Defensive Coordinator: Mel Tucker
I have no idea what to think of Mel Tucker at this point. I can see the argument for keeping him and certainly understand the unfair situation he was put in last year, but I've also never seen anything so impressive from him that I thought the Bears shouldn't have at least entertained replacing him. He's definitely got the most tenuous job situation of anyone in the organization. That said, it really is hard to judge a man who was asked to run another defensive coordinator's scheme, verbatim, and then watched all of the key cogs for running that scheme fall apart in the first half of the season. That doesn't excuse him from the utterly atrocious lack of improvement from any of his players throughout the course of the year, but it's also not a reason to believe he can't do considerably better with the players he has this year and the freedom to run things his way. I was pleased to see the Bears fire several of the assistant coaches, however. If they want to say that individual issues added up to the defense's main issues more than scheme, well, there's a damn good argument for that as well. At least they didn't plug their ears and cry injury and give everyone a pass.
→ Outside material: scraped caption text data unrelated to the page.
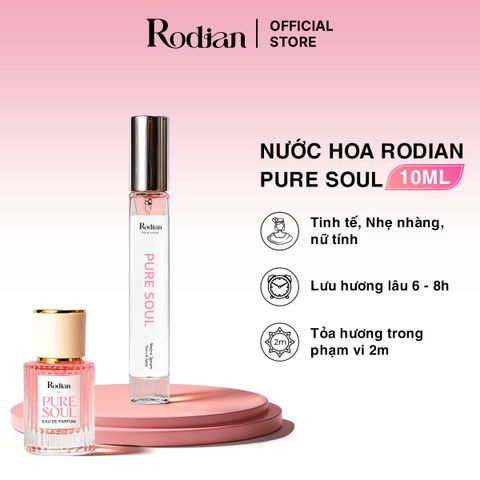 NƯỚC HOA NỮ RODIAN PURE SOUL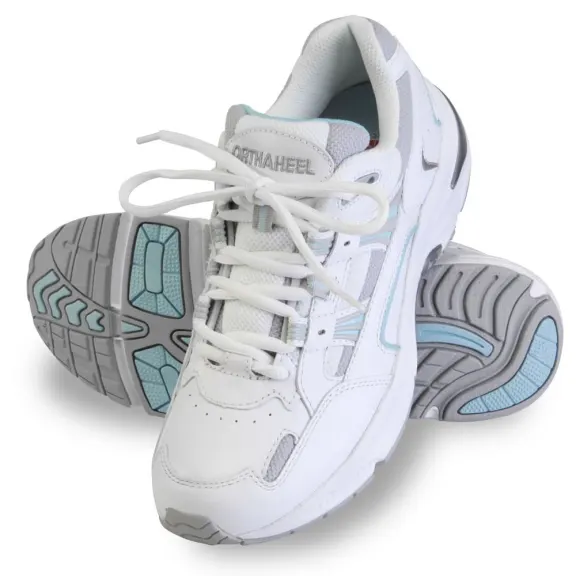 The Lady's Plantar Fasciitis Walking Shoes
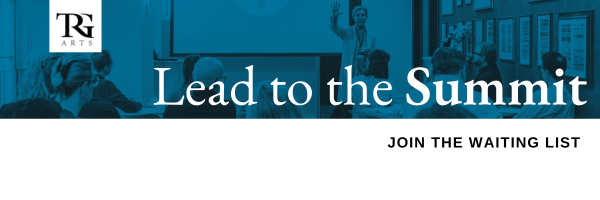Executive Summit - Lead to the Summit - Register Your Interest (Large)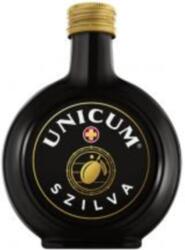 Zwack Unicum szilva ízesítésű keserűlikőr 0, 04l 32%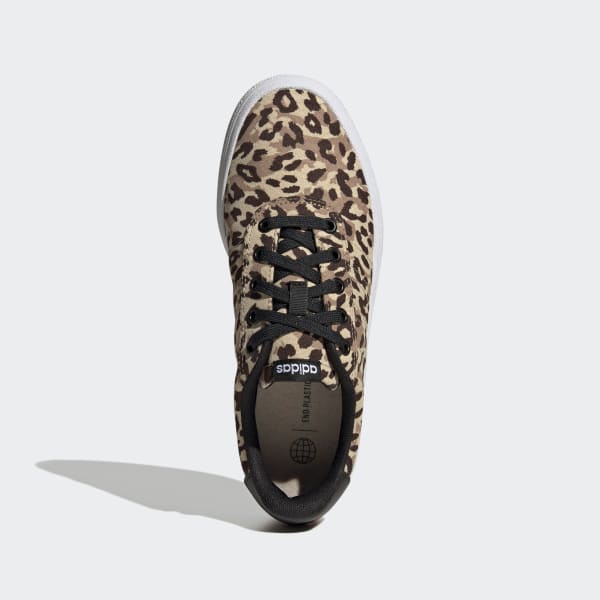 Beige FARM Rio x Vulc Raid3R Lifestyle Skateboarding Logo Branding Shoes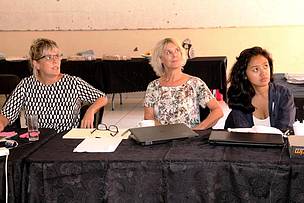 Participants at the KwaDukuza Municipality RE workshop
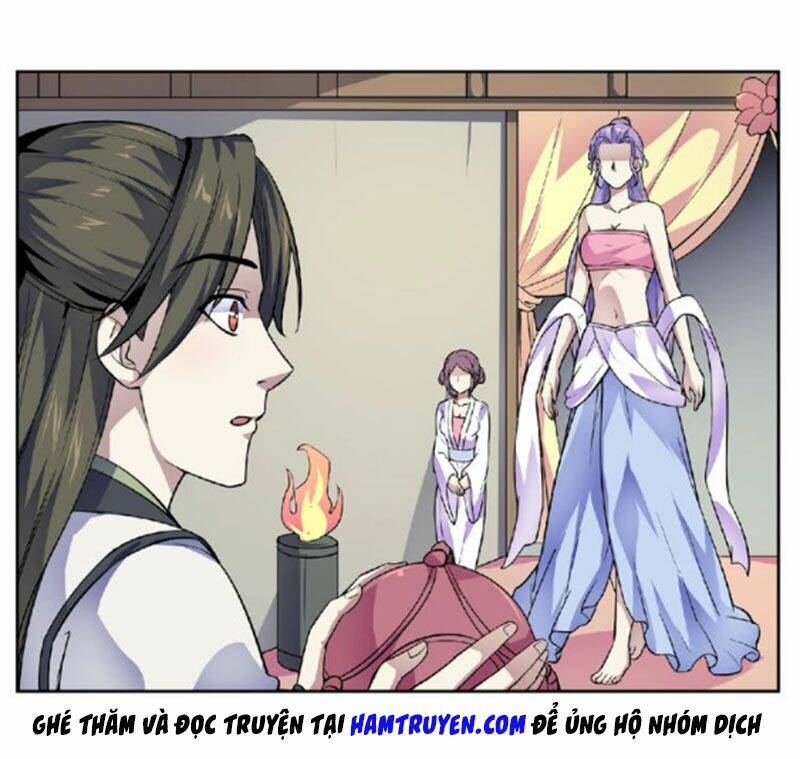 nghịch thiên đại thần chapter 56.5 9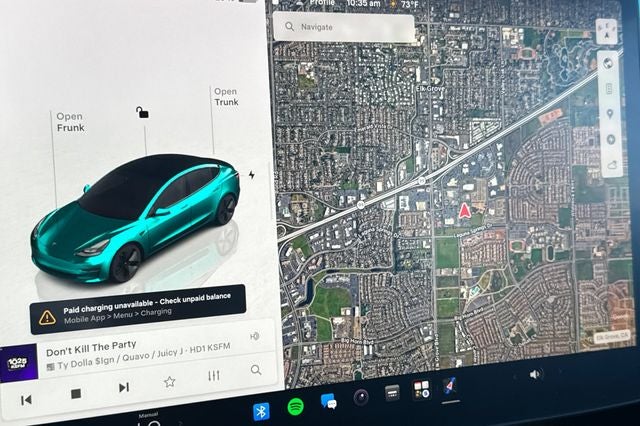 2023 Tesla Model 3 Long Range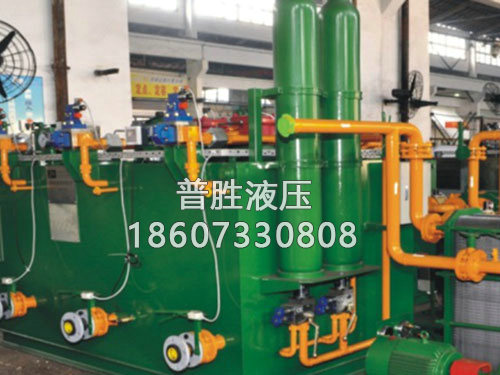 冶金液压系统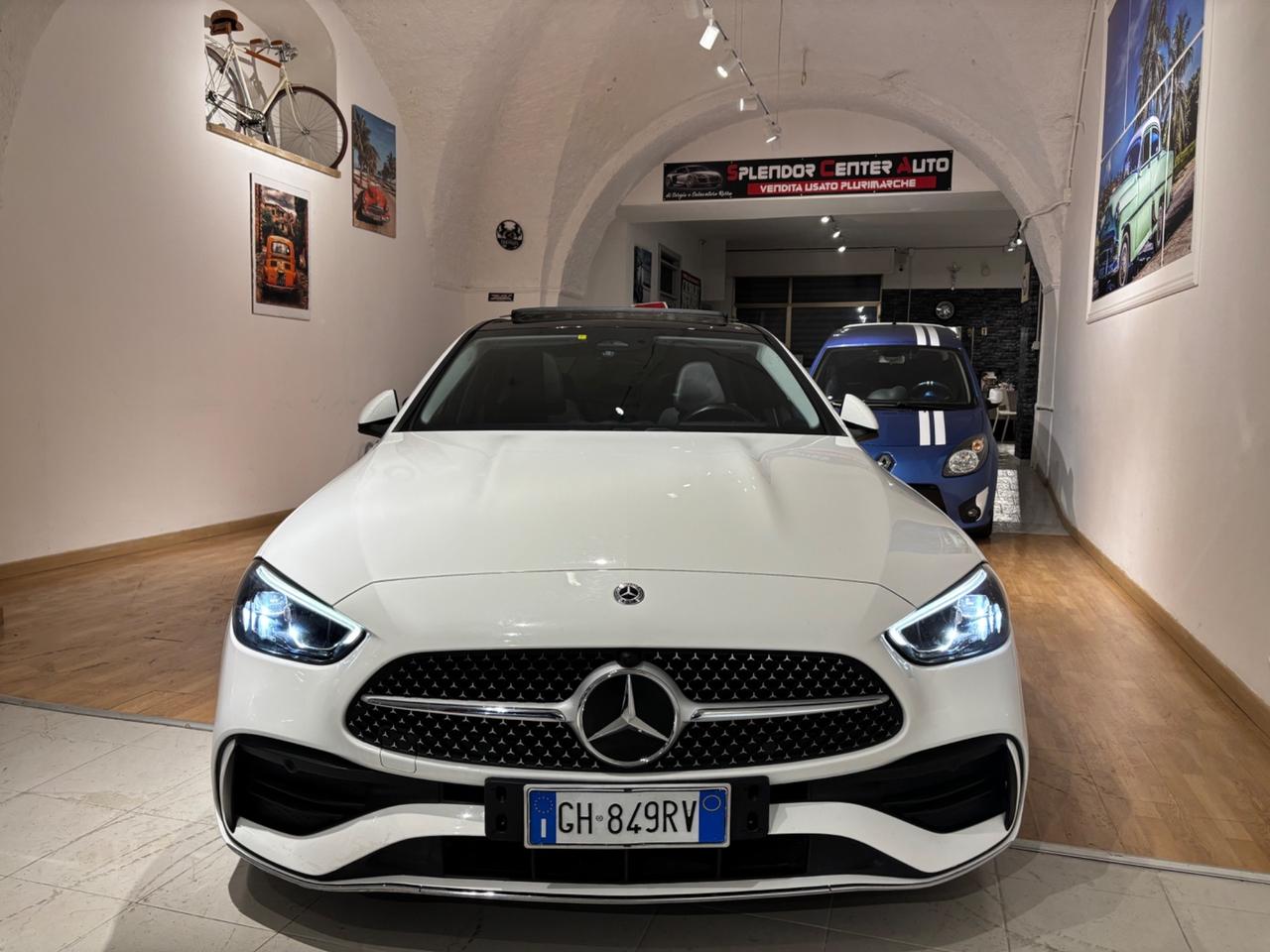 Mercedes-benz C 220 d Mild hybrid Premium Plus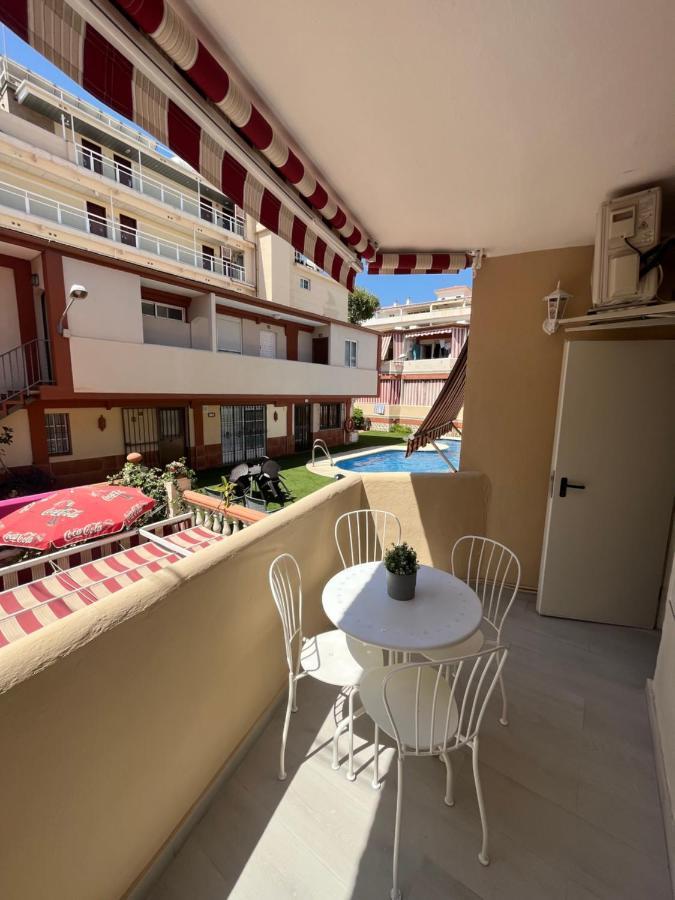 Estudio Romantico La Carihuela Τορρεμολίνος Εξωτερικό φωτογραφία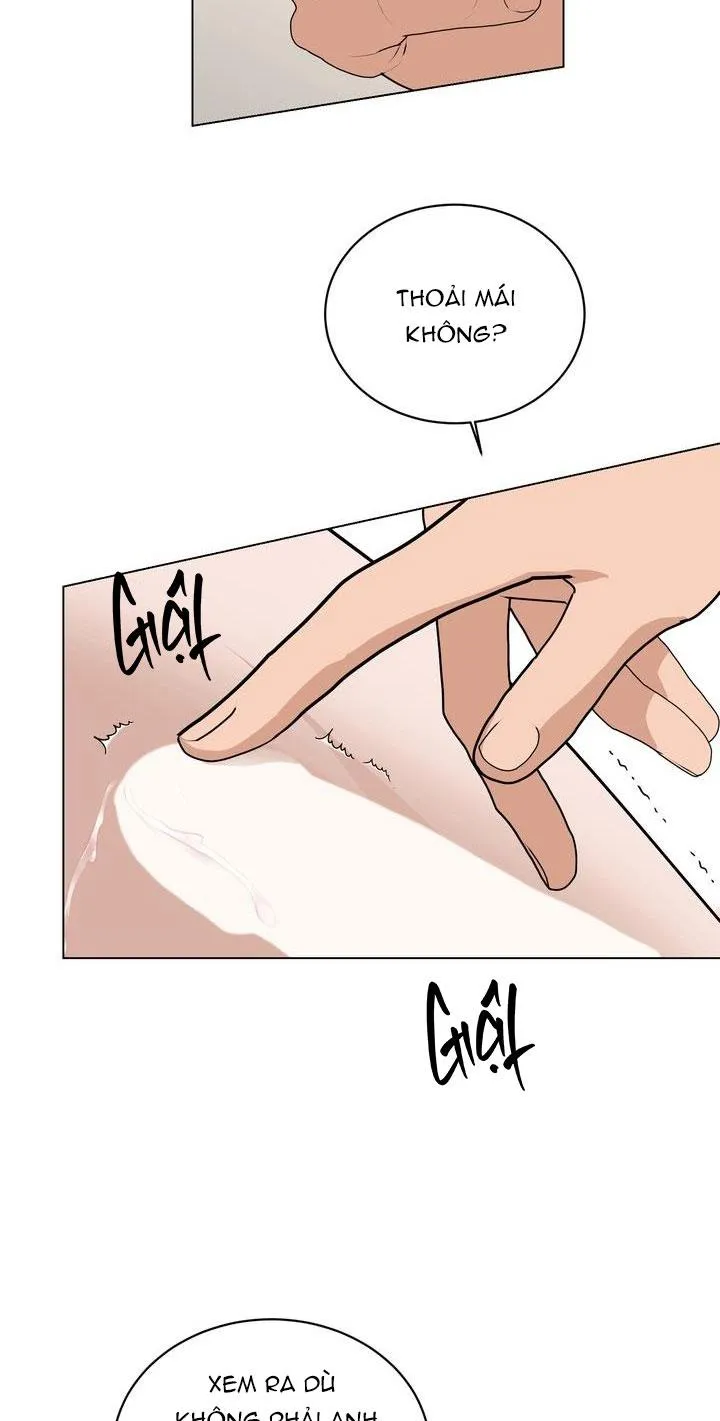 BÁNH QUY TÌNH YÊU TAN CHẢY Chapter 10 Trang 26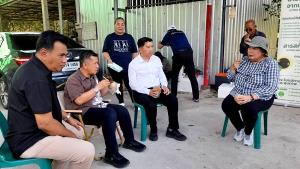 สมุทรสงครามเร่งวิจัย “ลิ้นจี่ค่อม” ใช้วิทยาศาสตร์ไขปริศนาดอกร่วง หวังเพิ่มผลผลิต–ยกระดับรายได้เกษตรกร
Defensive Coaches: Paul Pasqualoni (DL), Clint Hurtt (Assistant DL), Reggie Herring (LBs), Jon Hoke (DBs).

Everyone but Hoke is new this year. Pasqualoni has coached 4-3 and 3-4 defensive linemen throughout his career and has a hell of a lot more experience than last year's DL coach. He should help with the new responsibilities the DL will have this year that'll require a lot more technique than just firing into a gap every play. Hurtt comes from Louisville, where he worked with Charlie Strong to build one of the best defenses in football. Reggie Herring is a scary looking dude:

So...hopefully that'll translate to intimidating linebackers? I guess? Hoke gets a pass for last year's Conte/Wright debacle because of everything he'd accomplished to that point in making those two serviceable safeties for a few years to begin with, and also his work with Tillman and Jennings, among others.

DeCamillis got a lot of grief early last year, mostly because Cordarrelle Patterson ripped the Bears a new one in week 2, but in the end the Bears actually finished in the top ten in most special teams rankings once again. Their coverage units tightened up, which was no easy task considering how many special teams players suddenly found themselves as starting defensive players and DeCamillis was forced to integrate guys fresh off the street, and Robbie was outstanding as usual. The notable weak link was Podlesh and he got the boot (no pun intended. Okay. Maybe a little intended). This year they should be stronger, but the longsnapper question is definitely one they'll have to answer.

That's all for now. Thank God. I've filled my special teams quota for the rest of the year. Go Bears.

1 comment:

Lee said...

Hurtt comes from Louisville, where he worked with Charlie Strong to build one of the best defenses in football.

Storm Johnson and William Stanback disagree.